DATA SUPPLIED section start

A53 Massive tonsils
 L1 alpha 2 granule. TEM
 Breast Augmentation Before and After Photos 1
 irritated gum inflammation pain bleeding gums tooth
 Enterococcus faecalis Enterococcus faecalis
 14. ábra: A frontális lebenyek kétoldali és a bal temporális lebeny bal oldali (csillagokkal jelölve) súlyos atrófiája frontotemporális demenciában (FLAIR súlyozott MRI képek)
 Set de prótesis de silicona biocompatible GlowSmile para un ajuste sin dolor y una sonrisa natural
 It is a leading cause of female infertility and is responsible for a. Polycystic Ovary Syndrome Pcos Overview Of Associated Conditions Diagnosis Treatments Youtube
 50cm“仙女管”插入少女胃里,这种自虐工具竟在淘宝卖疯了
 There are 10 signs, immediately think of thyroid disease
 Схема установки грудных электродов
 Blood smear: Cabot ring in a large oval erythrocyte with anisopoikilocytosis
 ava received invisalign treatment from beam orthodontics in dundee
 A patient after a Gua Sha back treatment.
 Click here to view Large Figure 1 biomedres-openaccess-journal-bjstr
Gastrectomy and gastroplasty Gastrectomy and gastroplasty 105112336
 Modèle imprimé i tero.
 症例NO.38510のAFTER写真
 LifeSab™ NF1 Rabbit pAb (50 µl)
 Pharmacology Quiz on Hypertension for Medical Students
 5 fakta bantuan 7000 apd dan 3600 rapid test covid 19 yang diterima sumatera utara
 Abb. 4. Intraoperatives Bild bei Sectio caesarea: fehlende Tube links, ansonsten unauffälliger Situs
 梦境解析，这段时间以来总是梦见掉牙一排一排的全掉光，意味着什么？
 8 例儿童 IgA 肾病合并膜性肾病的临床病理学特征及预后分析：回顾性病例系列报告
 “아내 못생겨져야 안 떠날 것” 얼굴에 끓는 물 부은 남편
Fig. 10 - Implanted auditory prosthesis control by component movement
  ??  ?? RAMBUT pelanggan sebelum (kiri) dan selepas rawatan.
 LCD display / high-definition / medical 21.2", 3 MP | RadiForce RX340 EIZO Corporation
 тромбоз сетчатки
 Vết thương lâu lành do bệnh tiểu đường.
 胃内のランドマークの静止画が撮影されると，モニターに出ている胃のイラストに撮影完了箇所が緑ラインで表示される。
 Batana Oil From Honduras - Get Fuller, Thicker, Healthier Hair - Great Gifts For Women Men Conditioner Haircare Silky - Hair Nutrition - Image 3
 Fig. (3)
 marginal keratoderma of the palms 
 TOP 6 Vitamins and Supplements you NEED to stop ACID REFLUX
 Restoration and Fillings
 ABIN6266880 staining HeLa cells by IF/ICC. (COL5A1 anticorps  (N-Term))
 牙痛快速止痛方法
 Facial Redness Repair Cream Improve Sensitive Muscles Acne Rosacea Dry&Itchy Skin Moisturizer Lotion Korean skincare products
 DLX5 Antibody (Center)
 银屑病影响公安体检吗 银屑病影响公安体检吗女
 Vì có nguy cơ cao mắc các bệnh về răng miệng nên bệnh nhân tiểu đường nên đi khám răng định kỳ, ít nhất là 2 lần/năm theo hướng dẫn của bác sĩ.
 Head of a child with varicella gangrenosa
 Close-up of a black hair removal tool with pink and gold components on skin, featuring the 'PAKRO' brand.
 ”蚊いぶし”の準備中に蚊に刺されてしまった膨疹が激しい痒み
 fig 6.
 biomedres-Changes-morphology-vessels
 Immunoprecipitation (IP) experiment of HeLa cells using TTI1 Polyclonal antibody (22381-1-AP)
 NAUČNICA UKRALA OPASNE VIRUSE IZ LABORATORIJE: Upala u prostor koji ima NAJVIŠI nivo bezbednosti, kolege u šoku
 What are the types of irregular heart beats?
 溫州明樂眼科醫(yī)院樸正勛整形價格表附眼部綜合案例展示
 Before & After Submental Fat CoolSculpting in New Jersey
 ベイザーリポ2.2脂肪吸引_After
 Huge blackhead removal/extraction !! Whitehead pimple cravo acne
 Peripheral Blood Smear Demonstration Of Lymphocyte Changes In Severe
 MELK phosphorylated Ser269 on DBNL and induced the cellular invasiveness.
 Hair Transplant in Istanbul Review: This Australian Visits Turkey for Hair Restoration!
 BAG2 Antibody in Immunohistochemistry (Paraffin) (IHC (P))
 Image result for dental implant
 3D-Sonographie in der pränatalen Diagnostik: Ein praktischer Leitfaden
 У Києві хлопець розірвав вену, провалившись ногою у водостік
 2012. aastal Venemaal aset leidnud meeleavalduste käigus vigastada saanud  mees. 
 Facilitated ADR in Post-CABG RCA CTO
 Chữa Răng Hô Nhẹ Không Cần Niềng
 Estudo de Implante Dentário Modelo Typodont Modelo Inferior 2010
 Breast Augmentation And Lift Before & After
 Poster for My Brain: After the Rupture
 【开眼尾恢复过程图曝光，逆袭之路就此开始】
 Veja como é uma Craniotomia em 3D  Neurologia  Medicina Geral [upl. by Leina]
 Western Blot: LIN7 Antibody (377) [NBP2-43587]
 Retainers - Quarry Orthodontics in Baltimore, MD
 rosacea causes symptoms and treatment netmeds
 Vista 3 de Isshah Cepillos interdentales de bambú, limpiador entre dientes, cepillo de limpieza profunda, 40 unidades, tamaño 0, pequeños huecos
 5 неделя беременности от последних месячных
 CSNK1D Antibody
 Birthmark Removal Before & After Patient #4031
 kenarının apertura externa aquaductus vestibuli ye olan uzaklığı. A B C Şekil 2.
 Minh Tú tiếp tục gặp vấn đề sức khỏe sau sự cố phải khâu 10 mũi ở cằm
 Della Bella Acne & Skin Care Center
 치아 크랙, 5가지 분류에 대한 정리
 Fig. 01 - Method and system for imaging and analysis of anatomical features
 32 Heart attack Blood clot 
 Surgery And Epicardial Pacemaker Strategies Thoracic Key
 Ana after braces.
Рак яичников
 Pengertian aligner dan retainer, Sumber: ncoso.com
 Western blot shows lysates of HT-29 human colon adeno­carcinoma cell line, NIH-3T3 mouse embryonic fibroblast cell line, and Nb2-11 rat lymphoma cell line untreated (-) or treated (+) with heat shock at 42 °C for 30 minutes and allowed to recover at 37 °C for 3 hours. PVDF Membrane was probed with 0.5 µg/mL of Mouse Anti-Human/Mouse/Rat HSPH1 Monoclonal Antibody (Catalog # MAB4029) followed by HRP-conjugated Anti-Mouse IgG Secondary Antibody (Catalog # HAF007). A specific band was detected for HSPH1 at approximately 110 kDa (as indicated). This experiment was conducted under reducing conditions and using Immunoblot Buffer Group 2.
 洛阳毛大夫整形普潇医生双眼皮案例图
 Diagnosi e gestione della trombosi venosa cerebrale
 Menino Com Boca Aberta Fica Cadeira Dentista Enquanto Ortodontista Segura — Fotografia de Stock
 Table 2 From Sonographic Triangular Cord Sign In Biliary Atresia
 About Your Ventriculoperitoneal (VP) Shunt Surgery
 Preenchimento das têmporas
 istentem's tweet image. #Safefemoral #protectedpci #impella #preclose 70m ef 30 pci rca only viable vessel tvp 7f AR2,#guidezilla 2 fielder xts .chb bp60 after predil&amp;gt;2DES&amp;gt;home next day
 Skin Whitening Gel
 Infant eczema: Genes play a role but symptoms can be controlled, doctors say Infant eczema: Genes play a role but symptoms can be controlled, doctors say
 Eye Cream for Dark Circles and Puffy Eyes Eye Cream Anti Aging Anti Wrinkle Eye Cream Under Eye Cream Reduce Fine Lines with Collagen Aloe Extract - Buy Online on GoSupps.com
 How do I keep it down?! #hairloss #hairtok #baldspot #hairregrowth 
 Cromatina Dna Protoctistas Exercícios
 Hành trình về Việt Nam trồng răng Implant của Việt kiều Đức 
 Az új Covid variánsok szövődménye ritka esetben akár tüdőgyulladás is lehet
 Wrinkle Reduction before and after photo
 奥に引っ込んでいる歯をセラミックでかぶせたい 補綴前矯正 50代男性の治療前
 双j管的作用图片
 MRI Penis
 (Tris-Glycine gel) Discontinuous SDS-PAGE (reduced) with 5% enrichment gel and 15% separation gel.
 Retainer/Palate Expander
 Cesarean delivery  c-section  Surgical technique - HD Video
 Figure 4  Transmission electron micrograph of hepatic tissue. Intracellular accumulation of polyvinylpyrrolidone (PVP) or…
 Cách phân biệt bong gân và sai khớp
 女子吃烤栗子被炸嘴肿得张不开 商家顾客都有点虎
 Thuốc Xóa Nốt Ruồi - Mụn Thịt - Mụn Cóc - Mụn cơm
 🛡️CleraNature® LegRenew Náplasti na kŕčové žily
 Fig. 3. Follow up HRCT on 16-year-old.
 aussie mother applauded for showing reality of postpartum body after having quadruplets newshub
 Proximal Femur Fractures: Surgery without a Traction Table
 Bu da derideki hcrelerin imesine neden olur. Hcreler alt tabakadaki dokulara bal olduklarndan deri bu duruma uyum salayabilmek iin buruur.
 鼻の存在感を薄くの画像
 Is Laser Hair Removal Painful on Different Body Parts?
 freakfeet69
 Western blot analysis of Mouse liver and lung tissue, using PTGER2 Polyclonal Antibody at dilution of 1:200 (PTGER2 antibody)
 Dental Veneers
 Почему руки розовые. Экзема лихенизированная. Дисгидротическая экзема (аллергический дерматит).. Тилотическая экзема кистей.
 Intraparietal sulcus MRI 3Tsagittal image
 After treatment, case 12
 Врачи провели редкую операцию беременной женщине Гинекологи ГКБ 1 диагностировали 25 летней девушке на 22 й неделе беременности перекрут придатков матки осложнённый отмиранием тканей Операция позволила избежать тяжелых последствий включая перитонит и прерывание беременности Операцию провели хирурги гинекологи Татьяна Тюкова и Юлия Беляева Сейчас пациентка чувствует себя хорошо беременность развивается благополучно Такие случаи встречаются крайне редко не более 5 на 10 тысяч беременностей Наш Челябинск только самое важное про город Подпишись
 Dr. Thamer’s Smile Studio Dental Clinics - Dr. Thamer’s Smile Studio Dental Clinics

DATA SUPPLIED section end

- YOUR GOAL
Using only the entries above, output the line with "Cách phân biệt bong gân và sai khớp", the line with "freakfeet69", and all lines between them, exactly as they stand.

- WORKED SOLUTION
 Cách phân biệt bong gân và sai khớp
 女子吃烤栗子被炸嘴肿得张不开 商家顾客都有点虎
 Thuốc Xóa Nốt Ruồi - Mụn Thịt - Mụn Cóc - Mụn cơm
 🛡️CleraNature® LegRenew Náplasti na kŕčové žily
 Fig. 3. Follow up HRCT on 16-year-old.
 aussie mother applauded for showing reality of postpartum body after having quadruplets newshub
 Proximal Femur Fractures: Surgery without a Traction Table
 Bu da derideki hcrelerin imesine neden olur. Hcreler alt tabakadaki dokulara bal olduklarndan deri bu duruma uyum salayabilmek iin buruur.
 鼻の存在感を薄くの画像
 Is Laser Hair Removal Painful on Different Body Parts?
 freakfeet69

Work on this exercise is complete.